The first area of analysis has been answered
in the affirmative. Indeed, there exists a crucial link between
Taylor and al Qaeda, which has played a pivotal role in
substantiating previous designs of the terror network against
American lives. We have no guarantee as of the present, with the
escalating Taylor-fueled turmoil in Liberia spilling into another
bloodbath, that the statist redistribution of wealth to
America-haters will not continue. Taylor’s regime must at least be
deprived of the opportunity to wield Liberia’s substantial wealth
in diamonds, although it would be preferable for the man to be
tried as a war criminal (there is already an indictment against
him). While the Nigerian asylum will be offered him without
recognition of the possibility of extradition, the United States
will be able to more aptly vie for this option once its troops are
in place to enforce it if need be. Once Liberia is firmly out of
Taylor’s hands, the man himself will cease to enjoy the protected
post of dictator and become significantly more vulnerable. A
historical case in point is the apprehension of Slobodan Milosevic
by the administration that succeeded him, a year after his removal
from office, a year after a resolute declaration by the Serbian
government that he would not be handed over to the International
War Crimes Tribunal.
Presently, we move to answer, with relative
brevity, as the foundations of this matter have already been laid,
the question of the existence of positive economic stimuli for the
Liberian Occupation. Our key lies in that same commodity that had
enriched our foes: diamonds.

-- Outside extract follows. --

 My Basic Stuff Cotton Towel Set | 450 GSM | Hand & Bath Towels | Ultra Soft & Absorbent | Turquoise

Just as, in Iraq, Saddam Hussein had
enjoyed a coercive state monopoly on oil, so does Taylor, and far
more stringently, control the entire volume of Liberia’s diamond
trade. Just as Saddam Hussein’s oil exports had faced (limited)

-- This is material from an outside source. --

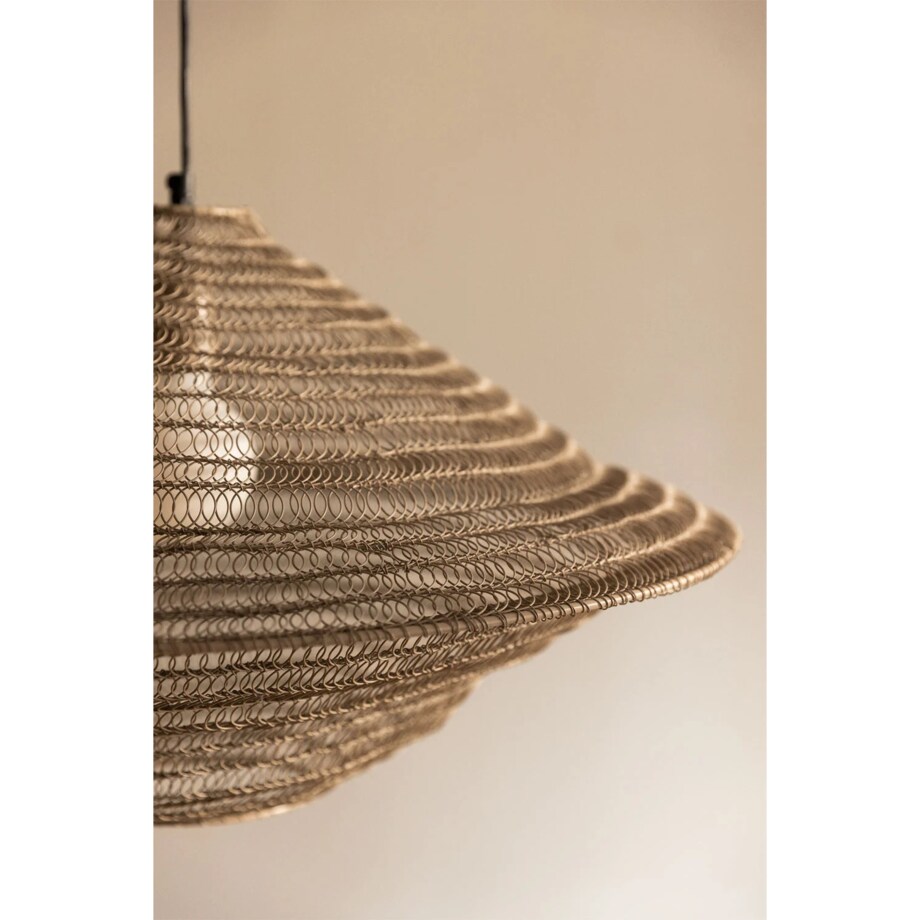 Lampa wisząca z metalowej siatki Zulma Ø65 cm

international sanctions, which were lifted following his
deposition, so does Taylor’s regime incur a boycott on the part of
the United States and Britain, which is detrimental to the
availability of diamonds to the consumer. Just as the Iraqi state
monopoly on oil was replaced by prosperously competing
international corporations, so will that of Liberia. With an
increase of the supply of diamonds on the world market, especially
after the present boycott is lifted (and it can be conceivably
lifted only in a post-Taylor Liberia), price, by simple economics,
will plummet. Diamonds, the most durable and lustrous of gems,
will still be objectively in as high a demand as ever. It is not
their price, but their quality, that forges their prestige. Such
an economic link with Liberia will furnish long-awaited
competition to the virtually monopolistic (on an international
scale) DeBeers, whose lack of formidable challengers renders
current diamond prices monstrously inflated in comparison to their
natural supply. Moreover, it will gain the United States a
commercial foothold in the African continent, a renewed interest
in harnessing a land so abundant in resources and so devoid of
reason. As American entrepreneurs settle in Liberia, as
trans-Atlantic commerce blooms, the inevitable effect will be to
boost standards of living locally and regionally, and spur on the
development of idly spoiling raw goods in adjacent countries as
well. This may even, in the long term, lead to the formation of an
entrepreneurial middle class of Africans, something the continent
had never previously developed. Under conditions overtly
demonstrative of the beneficence and tranquility of capitalism,
the African populace, which had known naught but bloodshed and
deprivation under statism, will be swayed beyond further doubt as
to whose way of life is objectively proper, who should be scorned
as the infidels and who lauded as the heroes of industry.
The Liberians themselves, as vividly
demonstrated by their placards inviting “President Bush and his
troops” to relieve them of the sufferings of ruthless
dictatorship, will benefit immeasurably in the realm of their
individual and property rights, no longer fearing the daily
terrorization of a faction-torn civil war in which over three
million have already been displaced from their homes. The fact
that they will be granted enforcement of their inalienable rights
is a pleasing one, and a superb side effect of the intervention.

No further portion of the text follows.